Er war der einzige anwesende Staatschef und der erste Redner auf der so genannten Antirassismuskonferenz der Uno in Genf. Und er tat wieder einmal das, was alle Welt von ihm erwartete. In seiner Rede ließ der iranische Präsident Mah­moud Ahmadinejad alle im vor der Konferenz von vielen Seiten geäußerten Befürchtungen wahr werden. Israel bezeichnete er als das »rassistischste und barbarischste Regime«, das von den Europäern gegründet worden sei, um die islamische Welt von Zionisten kolonisieren zu lassen. In der schriftlichen Fassung wurde außerdem der Holocaust als »zweifelhaft« bezeichnet, in der Rede sei dies nicht der Fall gewesen, teilte die Uno später mit. Durch alle Medien gingen die Bilder der empörten westlichen Diplomaten, die während Ahmadinejads Rede den Saal verließen, unter ihnen war auch die palästinensische Delegation, die später die Worte des iranischen Präsidenten als »schädlich für die palästinensische Sache« bezeichnete. Kaum ein Eklat war erwartbarer.

Obwohl noch Dutzende Staaten und fast 200 NGO auf der Rednerliste standen, beschloss die Konferenzleitung nach Ahmadinejads Rede hastig, die Verabschiedung der Abschlusserklärung um drei Tage vorzuziehen. Ein Tag nach Ahmadinejads Rede war die zuvor in zähen Verhandlungen erarbeitete Abschlussresolution der Konferenz ohne Abstimmung verabschiedet, begründet wurde die Entscheidung mit der Absicht, einen Eklat »in letzter Minute« zu vermeiden.
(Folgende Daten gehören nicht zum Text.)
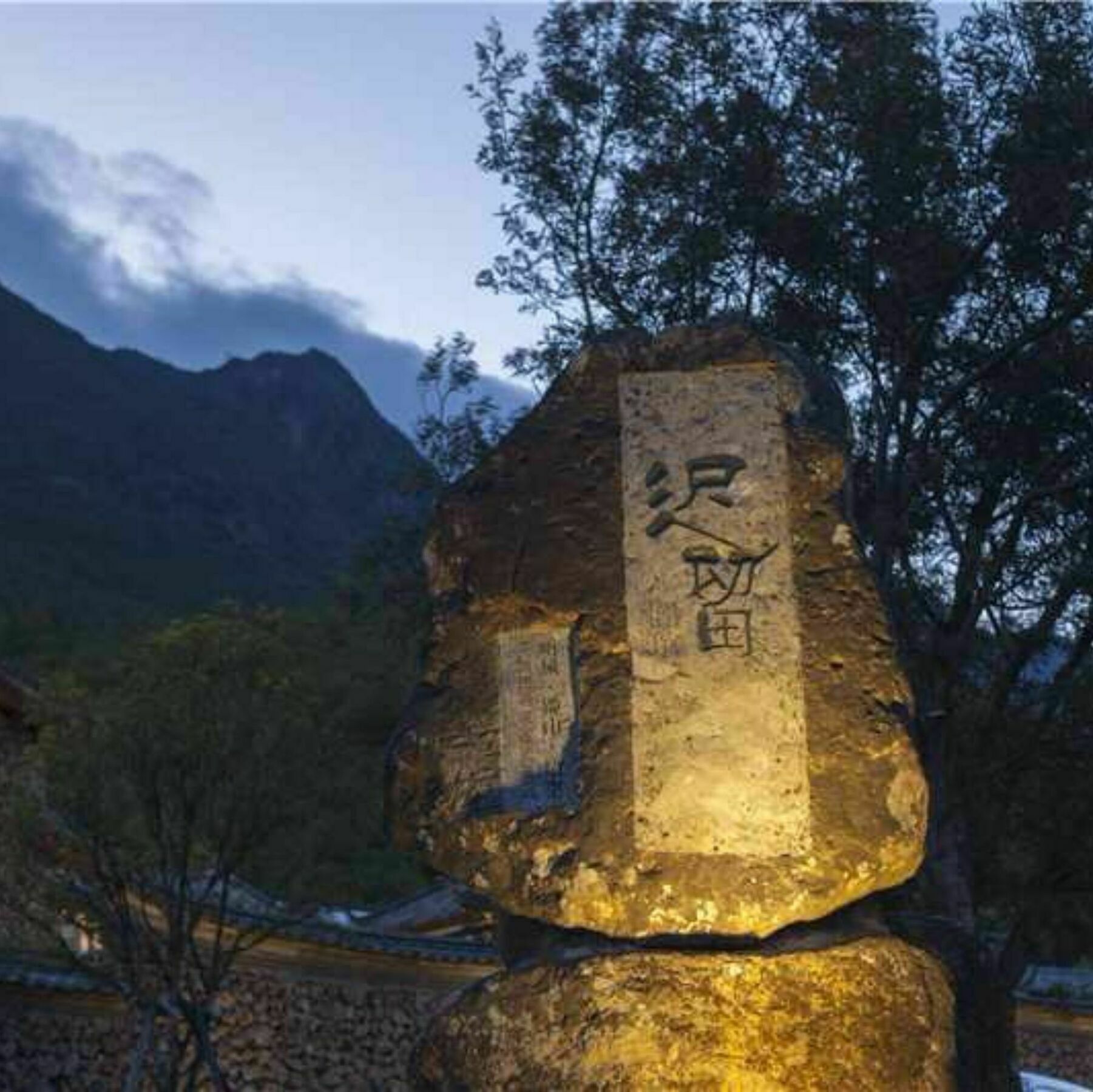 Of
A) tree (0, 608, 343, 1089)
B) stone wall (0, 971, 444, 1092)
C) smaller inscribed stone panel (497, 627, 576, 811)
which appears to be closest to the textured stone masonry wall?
stone wall (0, 971, 444, 1092)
Damit war sogar der so sorgsam konstruierte Schein einer offenen und partizipativen Konferenz zerstört, und der Antirassismusgipfel wurde endgültig zu der Farce, die viele Kritiker von Beginn an prognostiziert hatten.
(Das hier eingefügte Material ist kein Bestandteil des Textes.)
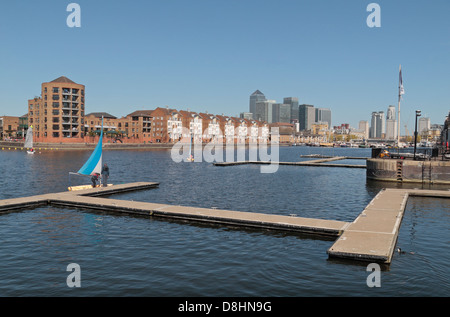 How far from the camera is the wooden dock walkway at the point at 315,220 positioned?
17.5m

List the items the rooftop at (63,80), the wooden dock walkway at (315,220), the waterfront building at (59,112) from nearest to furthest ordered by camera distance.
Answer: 1. the wooden dock walkway at (315,220)
2. the waterfront building at (59,112)
3. the rooftop at (63,80)

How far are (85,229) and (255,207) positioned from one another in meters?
13.8

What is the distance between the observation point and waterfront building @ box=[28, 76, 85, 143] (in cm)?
15838

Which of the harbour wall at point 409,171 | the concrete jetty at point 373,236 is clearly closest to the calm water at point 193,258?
the concrete jetty at point 373,236

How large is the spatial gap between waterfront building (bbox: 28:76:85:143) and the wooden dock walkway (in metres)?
137

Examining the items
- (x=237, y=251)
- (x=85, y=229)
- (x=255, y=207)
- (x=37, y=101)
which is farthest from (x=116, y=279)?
(x=37, y=101)

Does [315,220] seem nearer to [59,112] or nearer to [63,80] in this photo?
[59,112]

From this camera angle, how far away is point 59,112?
15875 cm

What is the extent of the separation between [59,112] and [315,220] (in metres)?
155

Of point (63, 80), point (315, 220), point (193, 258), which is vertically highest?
point (63, 80)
Zwar gab es Kritik an Ahmadinejad vom UN-Generalsekretär Ban Ki-moon, und auch die UN-Hochkommissarin für Menschenrechte, Navi Pillay, zeigte sich »enttäuscht«. Dies konnte jedoch nicht verhindern, dass sich die Rede, die außerdem noch auf den jüdischen Holocaustgedenktag fiel, wie ein gespenstischer Schleier über die gesamte Konferenz legte und die Atmosphäre bis zur letzten Minute bestimmte. Denn allen, die es sehen wollten, führte Ahmadinejad das grundsätzliche Problem der UN-Antirassismuspolitik klar und deutlich vor Augen: Sie wird von Rassisten bestimmt. Die Meinungshoheit über Menschenrechtsfragen konnten wieder jene Diktaturen des Nahen und Mittleren Ostens für sich beanspruchen, die auch eine Stimmenmehrheit hinter sich wissen. Die Rede ist von Ländern wie Iran, Libyen, Syrien oder Sudan, die Minderheiten und Dissidenten brutal unterdrücken und den Genozid entweder predigen, wie der Iran, oder betreiben, wie in Darfur. Auch unzählige NGO, die unter dem Einfluss dieser Regimes stehen – wie die Gaddafi Foundation, die Islamic Commission for Human Rights oder Ittijah –, nahmen an der Konferenz teil. Sie lancierten Aufrufe zum boykott Israels und bedienten sich auf Plakaten in bewährter Bildsprache der Gleichsetzung von Hakenkreuz und Davidstern. Dass die Rede des iranischen Präsidenten für die Medien das große Highlight der Konferenz darstellte, war zu erwarten. Ihre Ergänzung fanden Ahmadinejads Wor­te im Rahmen der Konferenz in einer Reihe von Nebenveranstaltungen, auf denen derselbe Ton an­geschlagen wurde. So diskutierten auf zahlreichen so genannten Side Events Vertreter dieser Gruppen über »Islamophobie«, »Diffamierung des Islam« und das »zionistische Regime«.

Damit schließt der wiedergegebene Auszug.